This morning (Wednesday, actually) a friend of mine posted a picture of her rhododendron in full bloom and said, “I swear they burst into bloom overnight!” I have rhodies – I understand.
But it’s the same with story ideas.
I was at Malice Domestic at the end of April when they put out their call for their next anthology, Mystery Most Geographical. The premise, if I remember the wording correctly, is that geography must play into the story. Okay, interesting idea. That night, I was talking to my roommate about it and I mentioned that I lived in Puerto Rico and St. Croix briefly after college, working for the government. “Oh, I bet there’s a story in that,” she said.
The seed was planted.
I’ve continued to water that seed in the weeks since. What on earth could I write about? What kind of issues and plots would need that particular geography?
I had some time this morning. Puerto Rico has some drop-dead (pardon the pun) locations for murder. Beaches, mountains, even a rain forest. Hmm. It’s a very traditional society, one rooted in their cultural traditions while trying to be part of the 21st century. Hmm. It was twenty-odd years ago, but I remember debate over whether Puerto Rico should push for U.S. statehood, stay a commonwealth, or push for independence. Was that still the case?

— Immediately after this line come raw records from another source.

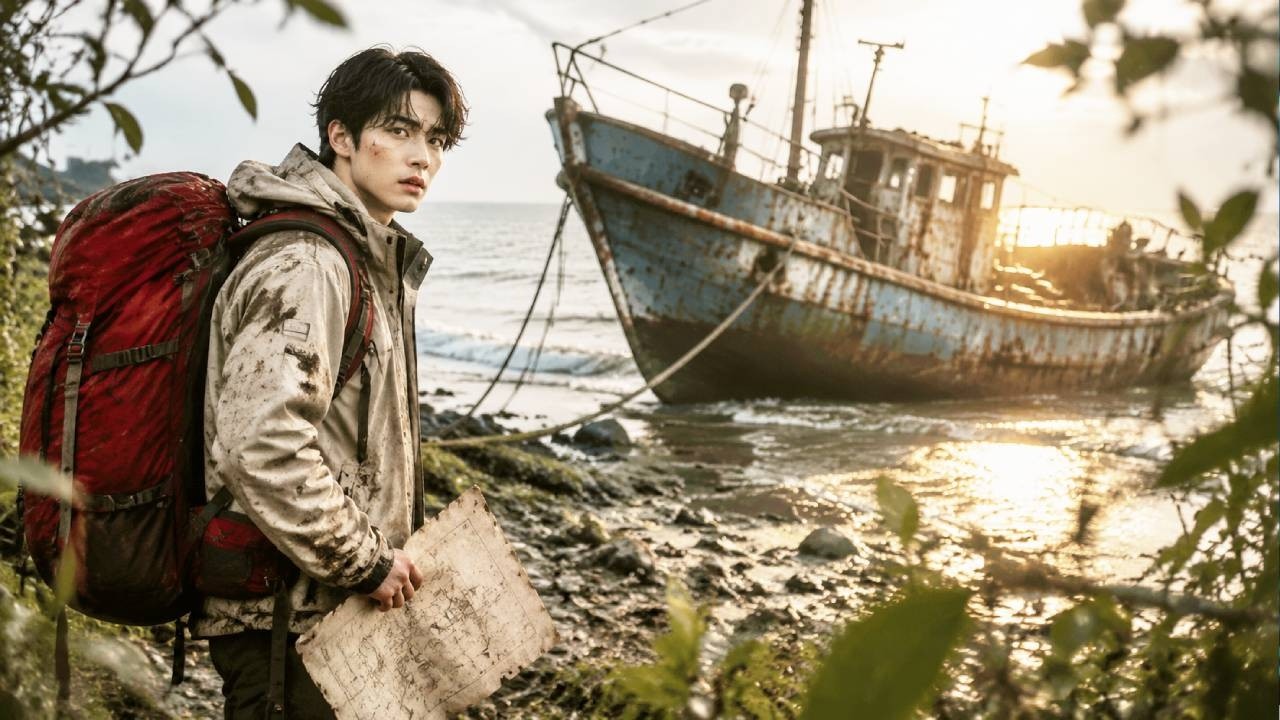 Divorced&Betrayed,he inherits his grandfather&rsquo;s broken ship&sea chart,unexpcctedly rising as tycoon!
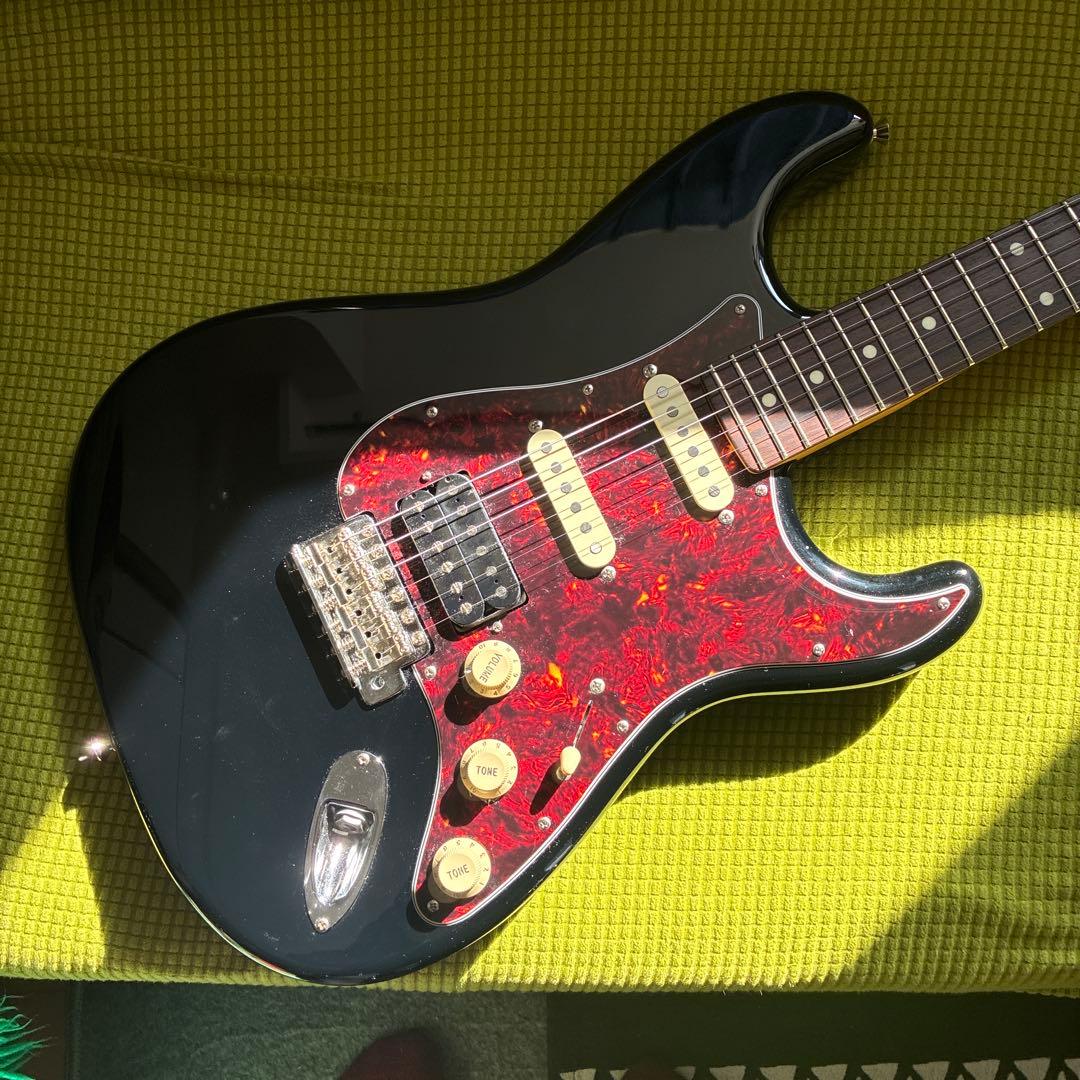 ギター HISTORY HST/SSH-Standard black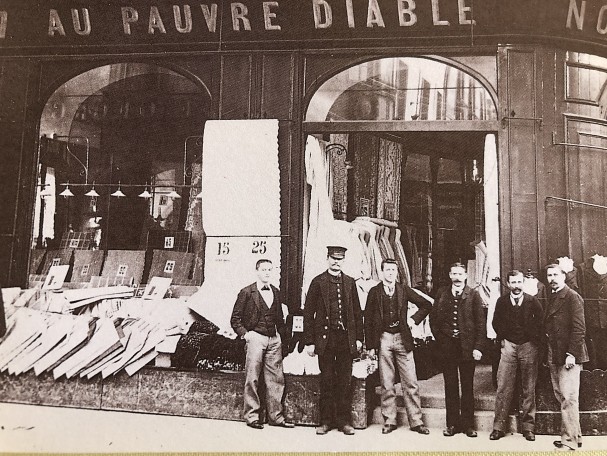 Old store display.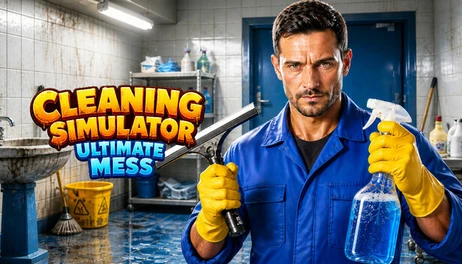 Купить Cleaning Simulator: Ultimate Mess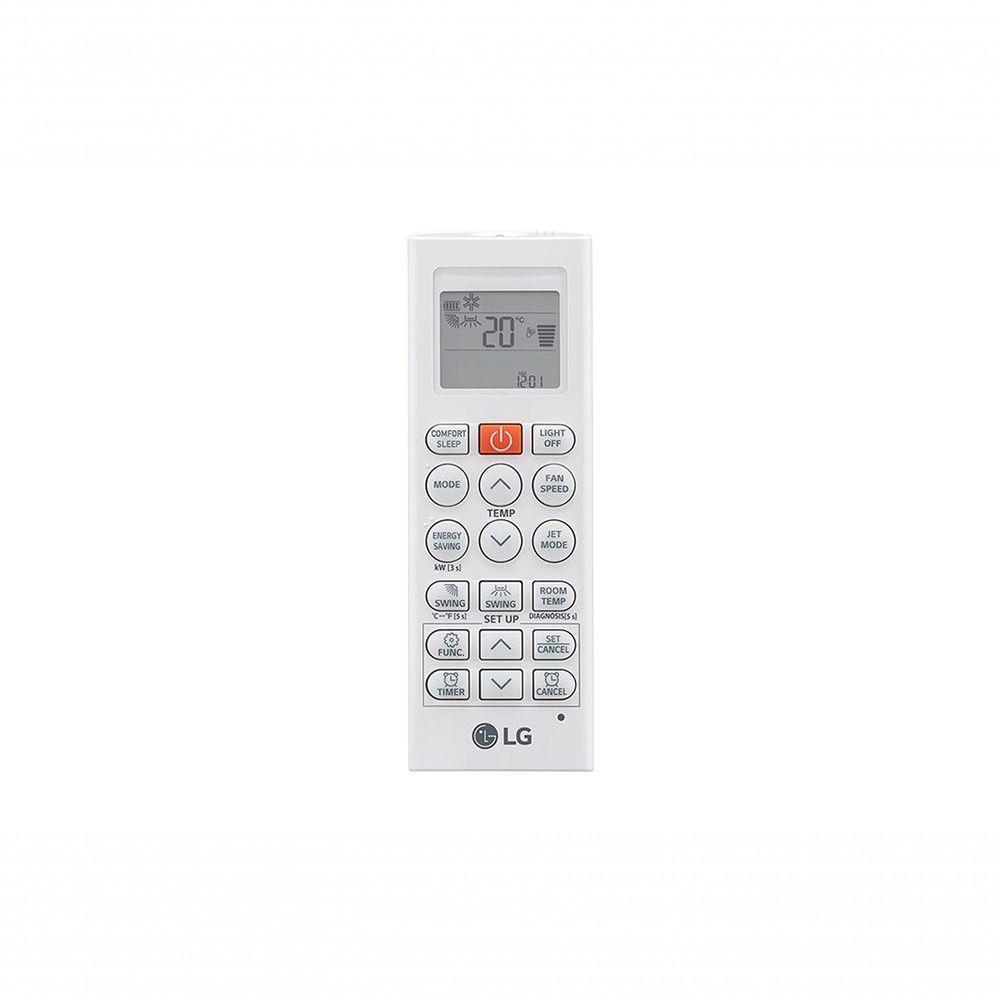 Ar Condicionado LG Dual Inverter Voice + AI Bi-Split Frio (Evaporadoras 9.000 + 9.000 BTU) 220V - 8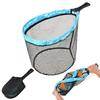 Fishing Landing Net Portable Fishing Net with Comfortable Grip and Storage Bags Foldable Landing Net Fishing Tackle Tool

Hmm.
The shoot of the seed pushes through the dirt.
I dug up information on locations, superstition, customs, and the independence debate (which has kinda died, actually, with only 5.5% voting for independence in the last referendum, but I digress). I looked at pictures – and I’ll have to get my hubby to dig out my photo albums tonight. Lush forests. An observation tower. A Nuyorican (that’s someone from New York City with Puerto Rican heritage – sidenote, did you know there are more Puerto Ricans in NYC than in San Juan? True story – or at least it used to be and I see no reason why it should be different now) homicide detective who is back on the island for a little R&R unravels the connection between some apparently random deaths.
I’ll continue to care for my seed, because of course the blossom isn’t the end. It’s still unfurling and it may turn out to be pretty ugly – or it may die.
But the seed has definitely bloomed. Overnight. Just like my rhododendrons.